For my project, I chose to build a scraper that would look at the Comixology Sales Campaigns page and scrape the comics listed on sale. Let’s have a simplified walkthrough of the scraping process.
1- Install Nokogiri
First, let’s install the Nokogiri gem. It is as simple as typing gem install nokogiri in the terminal!
2- Require Nokogiri and Open-Uri
Installing Nokogiri might take some time so in the meantime, you might want to go to your kitchen and get a cup of coffee or tea. Once installed, require them at the top of your ruby file.
3- Inspect the content to scrape on your webpage by using Google Chrome Developer Tools. It is easy — just right click on the page you want to scrape and click inspect. Now you will be able to inspect the elements on the web page! Just don’t forget to click on “select an element in the page to inspect it” button on the top left (the arrow pointing to the middle of the square.)
Hover over the items you are looking for. When you select the items, in the Elements window you will see the corresponding CSS will be highlighted. Feel Free to click on items and select their CSS in the Elements window. In my case, I can look for a couple of things. Book titles, issues, discounted price, original price, and so on... It is important to keep in mind that we are now going to use CSS selectors. Here are some important things to consider. Is the content we are looking for stored within an item? Can we see the text, link, image, etc. wrapped within the CSS in the Elements panel? Is there any ID or Class information that follows the selector/tag?

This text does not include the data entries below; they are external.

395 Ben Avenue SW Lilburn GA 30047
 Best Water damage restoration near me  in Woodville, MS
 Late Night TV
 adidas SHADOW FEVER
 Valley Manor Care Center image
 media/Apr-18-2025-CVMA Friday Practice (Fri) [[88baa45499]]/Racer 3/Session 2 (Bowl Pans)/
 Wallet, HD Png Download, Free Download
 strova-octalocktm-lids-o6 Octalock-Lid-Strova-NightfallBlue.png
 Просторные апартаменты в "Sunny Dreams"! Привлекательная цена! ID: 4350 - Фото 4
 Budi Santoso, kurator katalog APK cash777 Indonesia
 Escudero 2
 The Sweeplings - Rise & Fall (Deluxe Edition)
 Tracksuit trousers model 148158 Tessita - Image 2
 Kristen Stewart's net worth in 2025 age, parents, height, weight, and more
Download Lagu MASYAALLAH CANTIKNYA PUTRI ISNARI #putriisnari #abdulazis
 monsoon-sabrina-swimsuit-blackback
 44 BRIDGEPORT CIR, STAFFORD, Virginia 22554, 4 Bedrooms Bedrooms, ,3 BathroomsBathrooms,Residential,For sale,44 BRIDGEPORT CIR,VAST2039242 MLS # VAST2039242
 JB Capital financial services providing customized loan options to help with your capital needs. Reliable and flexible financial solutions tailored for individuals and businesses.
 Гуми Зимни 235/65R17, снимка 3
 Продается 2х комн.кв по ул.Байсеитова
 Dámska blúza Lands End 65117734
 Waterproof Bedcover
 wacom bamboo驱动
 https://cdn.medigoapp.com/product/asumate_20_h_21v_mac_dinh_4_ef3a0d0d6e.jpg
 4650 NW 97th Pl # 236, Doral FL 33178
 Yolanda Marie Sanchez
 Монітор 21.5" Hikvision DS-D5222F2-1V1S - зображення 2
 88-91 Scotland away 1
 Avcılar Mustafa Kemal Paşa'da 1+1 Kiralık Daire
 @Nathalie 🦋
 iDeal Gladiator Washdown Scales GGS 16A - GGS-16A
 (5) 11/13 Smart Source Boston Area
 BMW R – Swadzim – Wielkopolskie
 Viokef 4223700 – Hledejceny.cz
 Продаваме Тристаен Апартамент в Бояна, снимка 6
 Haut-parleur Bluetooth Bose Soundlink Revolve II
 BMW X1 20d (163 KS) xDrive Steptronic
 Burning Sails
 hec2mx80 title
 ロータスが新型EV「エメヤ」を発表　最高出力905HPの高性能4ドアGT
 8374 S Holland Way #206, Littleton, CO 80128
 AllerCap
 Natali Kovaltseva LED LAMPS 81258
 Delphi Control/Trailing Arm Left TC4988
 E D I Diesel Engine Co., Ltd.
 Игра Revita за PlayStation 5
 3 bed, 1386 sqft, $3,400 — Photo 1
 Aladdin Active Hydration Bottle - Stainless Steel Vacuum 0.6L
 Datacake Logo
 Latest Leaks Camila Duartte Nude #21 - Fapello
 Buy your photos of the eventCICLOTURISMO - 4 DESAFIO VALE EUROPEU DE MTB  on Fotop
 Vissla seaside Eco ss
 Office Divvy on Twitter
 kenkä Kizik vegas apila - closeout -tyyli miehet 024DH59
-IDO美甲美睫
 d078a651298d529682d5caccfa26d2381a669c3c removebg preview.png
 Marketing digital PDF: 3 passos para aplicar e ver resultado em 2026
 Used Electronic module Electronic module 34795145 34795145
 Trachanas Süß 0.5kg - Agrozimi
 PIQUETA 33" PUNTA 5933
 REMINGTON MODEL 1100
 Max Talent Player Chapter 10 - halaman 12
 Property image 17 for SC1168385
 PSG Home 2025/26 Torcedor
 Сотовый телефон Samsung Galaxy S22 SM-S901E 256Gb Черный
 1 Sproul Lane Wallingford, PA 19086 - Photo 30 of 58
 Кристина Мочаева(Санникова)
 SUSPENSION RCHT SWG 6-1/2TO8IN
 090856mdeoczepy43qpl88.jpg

So it is critical to find the content we are looking for is stored within the right item. Let’s try to see where the image, text, link, or whatever information we are targeting to scrape is wrapped within the CSS in the Elements panel. Check the classes. Also, make sure that there are patterns in the CSS. So if we check another item, we would see a similar pattern in the way the information is stored. Let’s go and play around. Bingo! ‘.content-item’ class wraps all the information we are looking for!
Ok, let’s save the site we would like to scrape to a variable in our Ruby code and go and play some more with the developer tools and the CSS selector to get to the specifics of each item we would like to scrape.
I will not get into the much detail with the rest of our Ruby coding(this is not a play by play instructional article) but when we finish the rest of our Code creating variables, mapping and iterating each element we have scraped— we should have a nice clean list of book titles(book_title), issues(book_number), discounted price(book_price), and original price(book_original_price) based on the CSS elements we have selected.
Let’s run our code and Shazam!!
Now we have scraped a beautiful list of comics on sale! We can be proud of our scraping skills even if we don’t have adamantium claws like Wolverine!
Final Words — A couple of things I learned from my experience:
- If the website does not support API’s, Nokogiri will save your life!.
- Browser’s Element inspector is very helpful in understanding the location of the data stored.
- Creating right CSS selectors in the Ruby code might be challenging but eventually, we will come to that point.
- Scraping data is fun!
I am definitely still learning about scraping and effectively using CSS selectors. Creating this project has definitely been a huge learning experience. If you are a beginner software developer as I am, I hope you could find a couple of useful tips to help your own studies. If you have any questions or thoughts, please share your comments.